Political aftershocks, afterthoughts

“There is a political component here — and I am not talking about party.”

David Ralston

Speaker, Georgia House of Representatives 

 

We commend Gov. Nathan Deal for his veto of the “religious freedom” bill that passed the Georgia General Assembly in the session just concluded. The governor’s reasoning — “I do not think that we have to discriminate against anyone to protect the faith-based community in Georgia” — goes right to the heart of the matter.

We made no secret of our objections to the bill as it was first introduced, and nothing has been done or said subsequently that changes those objections. Not only do we consider such legislation (in Georgia and elsewhere) fundamentally misguided and ill-conceived, but it enshrines discrimination and exclusion under banners of “liberty” and “freedom” — an Orwellian strain of political branding that certainly didn’t begin with this kind of issue and is not the exclusive domain of any party.

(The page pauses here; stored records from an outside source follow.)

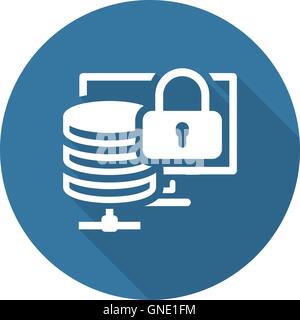 Secure Storage Icon. Flat Design. Stock Vector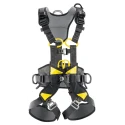 Petzl Fall Arrest Harness, Harness Size 2, 100 kg Weight Capacity, Yellow Black, Polyester Steel Aluminium Nylon C072AA02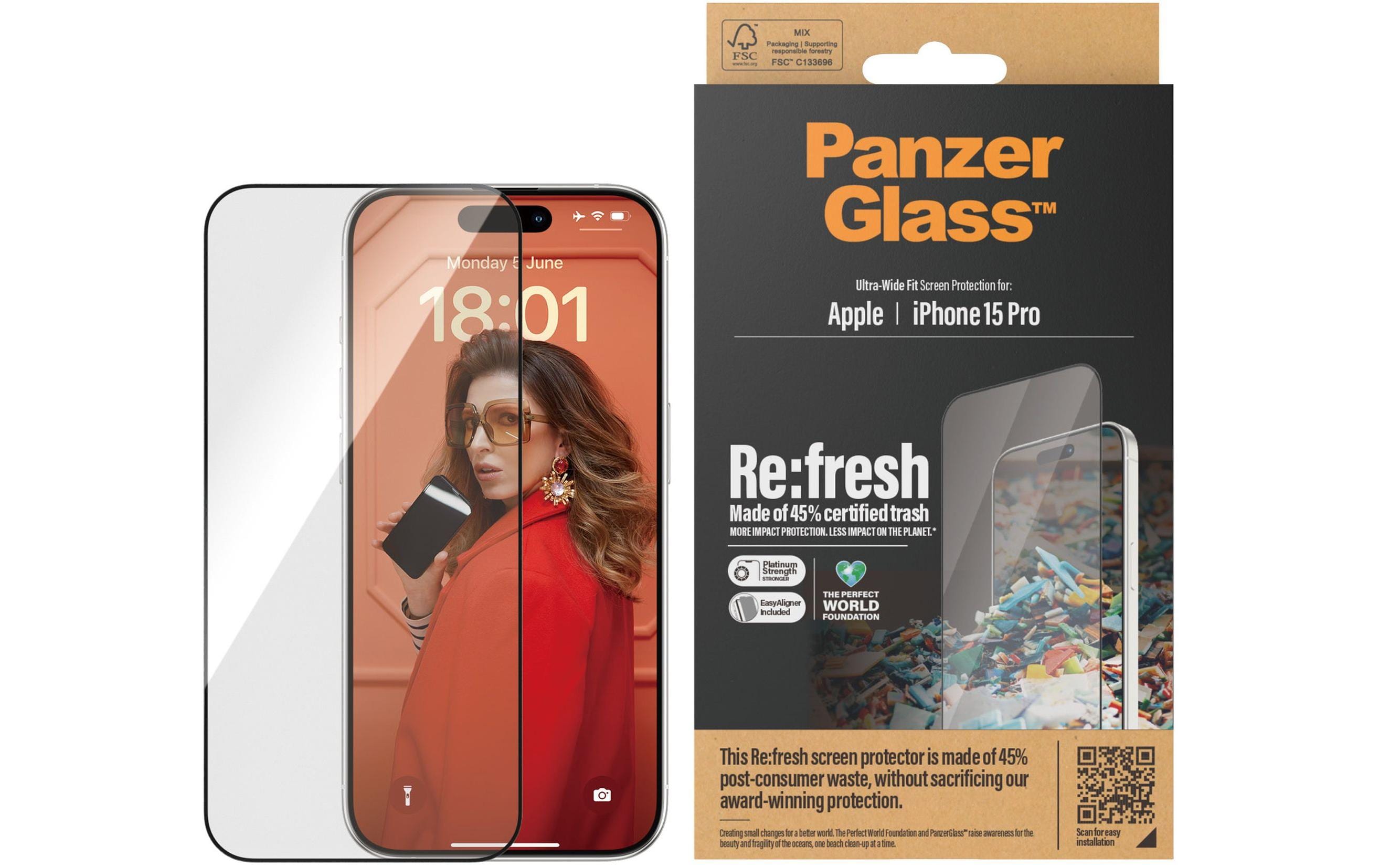 Panzerglass Displayschutz Refresh iPhone 15 Pro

But it’s what has happened in the aftermath of the bill’s passage that is of more pressing concern now.

According to members of the Columbus legislative delegation and other Capitol sources, it is Sen. Josh McKoon, R-Columbus — a principal sponsor of, and three-year advocate for, the religion bill — who was the target of some expensive political payback. Specifically, Columbus State University and the National Infantry Museum lost millions in funding because McKoon’s colleagues in the legislature — controlled in both chambers by his own party — wanted to send him, and the voters of his district, a message about playing ball.

McKoon has been an outspoken ethics hawk during his Senate tenure, a role for which we have applauded him, though it no doubt rubbed some of his colleagues the wrong way (if perhaps for the right reasons). He has also introduced legislation to term-limit the House speaker, only to drop it at the urging of Senate leadership; and he reportedly suggested a change in the governor’s power to fill a prematurely vacated U.S. Senate seat (as then-Gov. Roy Barnes did with Zell Miller after the sudden death of Sen. Paul Coverdell.)

But it was the religious liberty legislation — a compromise version altered from earlier drafts — that stuck Republicans between two of their core constituencies: religious and social conservatives, who provided most of the support for the bill, and a pragmatic business community that vigorously opposed it.

We all know the realities of political maneuvering, the process of trade-offs and compromise, and sometimes the necessity of practicality over pure principle. But civic patience has its limits with elected officials trying to evade important but politically difficult decisions. No doubt many lawmakers, Democrats and Republicans alike, would have preferred that the whole issue just go away. Of course, there was always another way to stop it: Vote it down.

Instead, it was left to a term-limited governor to get both his state’s (and party’s) legislative branch, and a hefty chunk of the Georgia economy, off the hook.

The next General Assembly session should be interesting indeed.